Ce travail de prospective et cette attitude dynamique ne sont pas nouveaux. N’oublions pas que Tanguy Prigent4, ministre de l’Agriculture à la Libération était du Trégor et qu’il s’est battu pour la loi sur le fermage, qui constitua une avancée sociale.

Il faut se poser la question de quelle politique publique, comment faire la révolution agraire, comment instaurer une sécurité sociale de l’alimentation ? Comment instaurer un échange entre les producteurs et les consommateurs ?

Sur le foncier il y a l’expérience « Terres de lien de Bretagne », c’est la création d’un GFA qui m’a permis de démarrer mon travail, c’est un exemple.

Un petit mot sur la réforme des retraites qui a des conséquences dans l’installation des nouveaux agriculteurs, par les incertitudes qui frappent les plus anciens sur leur date de départ. Cela n’avait pas été anticipé et démontre bien que tout est lié.

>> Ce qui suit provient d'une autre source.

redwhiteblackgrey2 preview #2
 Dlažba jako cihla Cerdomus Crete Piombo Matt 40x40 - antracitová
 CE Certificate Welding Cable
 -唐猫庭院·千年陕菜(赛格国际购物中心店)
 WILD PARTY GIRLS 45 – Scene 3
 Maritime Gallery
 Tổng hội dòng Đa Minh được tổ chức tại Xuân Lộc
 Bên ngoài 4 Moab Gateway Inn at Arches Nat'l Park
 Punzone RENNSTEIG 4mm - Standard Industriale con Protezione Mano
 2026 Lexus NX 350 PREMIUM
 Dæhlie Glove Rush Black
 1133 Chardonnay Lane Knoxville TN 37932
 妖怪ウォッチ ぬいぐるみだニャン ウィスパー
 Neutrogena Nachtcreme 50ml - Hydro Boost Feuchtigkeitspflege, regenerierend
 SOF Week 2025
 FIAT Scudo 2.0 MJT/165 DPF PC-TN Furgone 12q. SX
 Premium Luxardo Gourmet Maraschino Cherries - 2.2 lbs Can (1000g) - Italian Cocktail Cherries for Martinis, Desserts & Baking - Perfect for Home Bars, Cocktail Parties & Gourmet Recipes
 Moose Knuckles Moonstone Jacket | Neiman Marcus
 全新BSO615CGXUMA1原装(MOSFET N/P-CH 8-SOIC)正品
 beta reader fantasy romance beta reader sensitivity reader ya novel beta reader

Malgré tous les outils mis à disposition pour l’installation, notamment par le réseau « Agriculture paysanne », l’agriculture manque cruellement de candidats à la reprise des installations existantes (pour mon cas j’ai préféré partir de zéro que reprendre une ferme existante). Un autre exemple sur les possibilités d’installation, période toujours très difficile, c’est le contrat de parrainage, qui permet à un jeune agriculteur de lancer son projet avec son prédécesseur. On peut aussi citer le réseau des lycées agricoles qui est très dynamique.

La lecture du « Paysan impossible » de Yannick Ogor m’a beaucoup questionné sur les limites actuelles de la lutte paysanne, c’est un brûlot très technique qui peut amener à refuser de « rentrer dans la machine ». J’ai fait le choix inverse… mais ce qui est sûr est qu’on doit collectivement se projeter sur le renouvellement des travailleurs agricoles, sinon on aura bientôt un pays sans paysans…
 

 

Grand merci à Julien de m’avoir accordé de son temps et de sa réflexion.

On peut également lire sur le site du NPA plusieurs articles concernant le monde agricole. [https://nouveaupartianticapitaliste.fr/mots-cles/colere-paysanne/]

Thierry Perennes, comité Nathalie Le Mel (Côtes-d’Armor)

 

 


 

 
1  Le Trégor est la région qui va de Tréguier à Morlaix, aire du breton dit « trégorrois ».

2  Usine Doux de Pédernec, où, lors d’une grève de six mois en 1974, les grévistes ont expérimenté des abattages clandestins de poulets sur le mode des travailleurs de Lip : « on fabrique, on vend, on se paie ».

3  Trémargat, petite commune rurale du Centre Bretagne, pépinière d’initiative paysanne et environnementale.

4  Tanguy Prigent, ministre SFIO de l’Agriculture, député de Morlaix, donc trégorrois, on lui doit la loi sur le statut du fermage du 13 avril 1946.